Look at the Loop Anatomy

PyTorch training loop diagram

The training rhythm is:

batch -> forward -> loss -> zero_grad -> backward -> optimizer.step -> repeat

Validation uses a different rhythm:

eval mode -> no_grad -> forward -> loss/metrics -> no update

Why This Loop Matters

sklearn.fit() hides most of the training process.

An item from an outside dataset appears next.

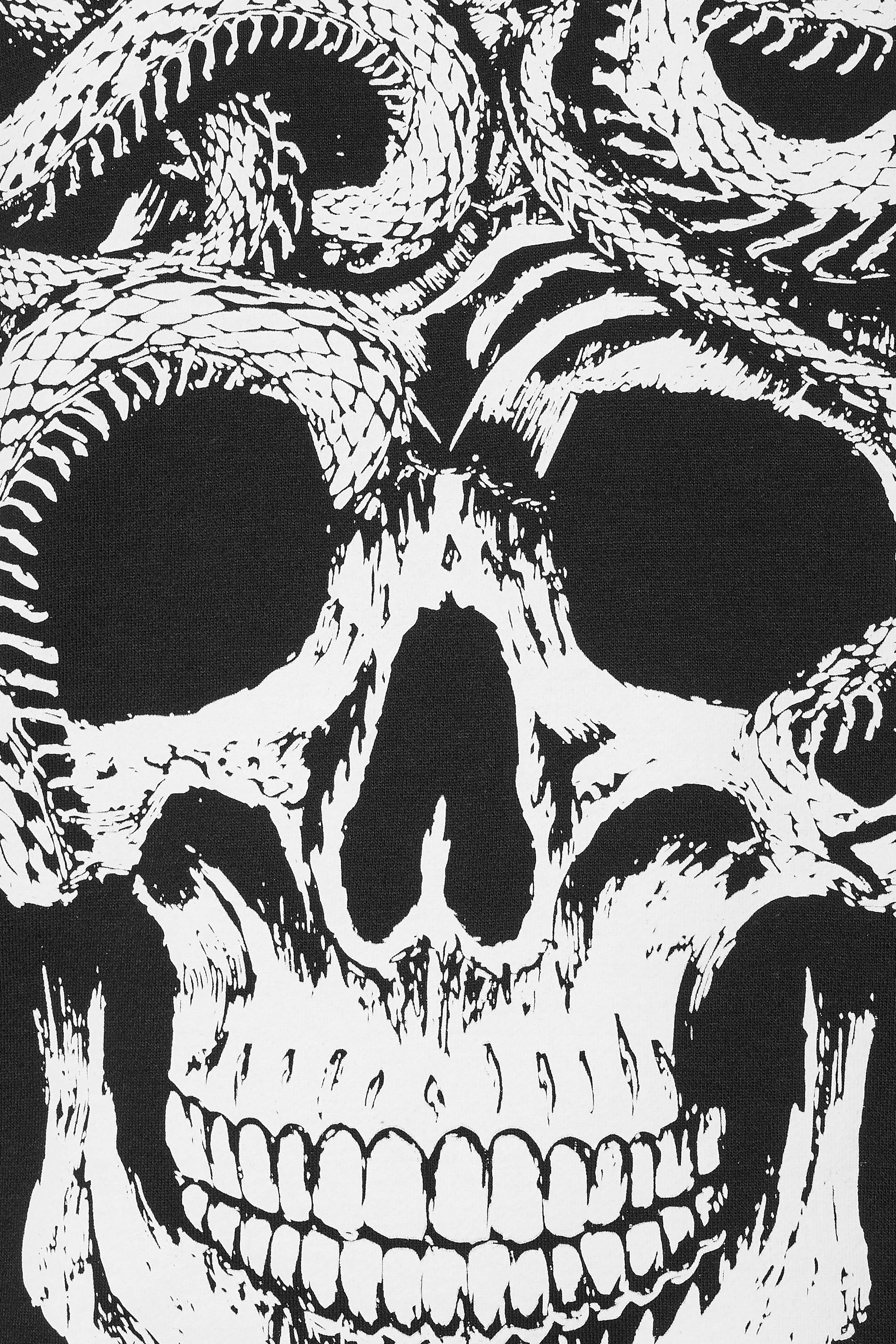 BadRhino Big & Tall Black Skull & Snake Graphic Sweatshirt | BadRhino 3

PyTorch exposes it because deep learning projects often need custom models, custom losses, custom batch logic, GPU control, logging, and checkpointing.

The same backbone appears in:

  • image classification;
  • text classification;
  • object detection;
  • fine-tuning;
  • RAG reranker training;
  • multimodal models.

Architecture changes, but this loop stays recognizable.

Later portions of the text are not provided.